Every line from the one with "Used Wilson CATCHERS" to the end of the listing, and nothing else, is to be printed exactly; please leave the pictures out.
Input data Block Start
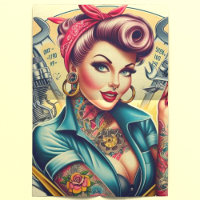 Retro Mechanic Girl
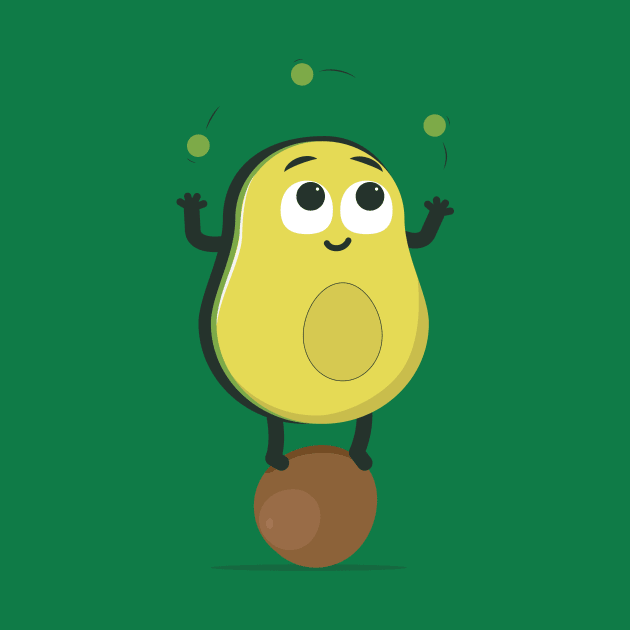 Avocado Juggler by El buen Gio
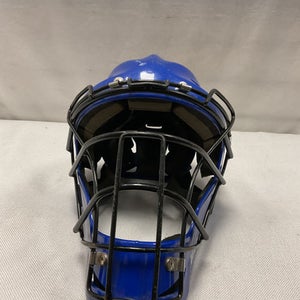 Used Wilson CATCHERS MASK Catchers Helmet w/Mask Royal Blue One Size 11490-S000267211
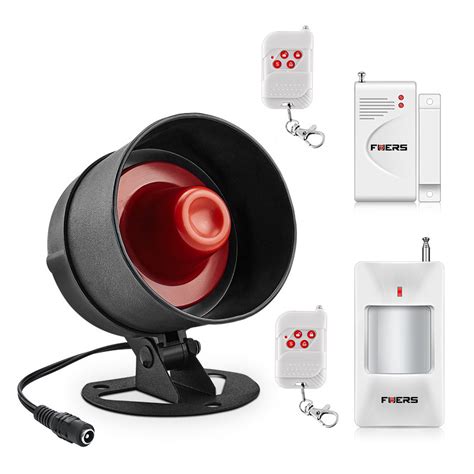 Aanbieding Fuers Alarm Siren Speaker Loudly Sound System Kits Wireless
Input data Block End
◆ **Expected answer**
 Used Wilson CATCHERS MASK Catchers Helmet w/Mask Royal Blue One Size 11490-S000267211
 Aanbieding Fuers Alarm Siren Speaker Loudly Sound System Kits Wireless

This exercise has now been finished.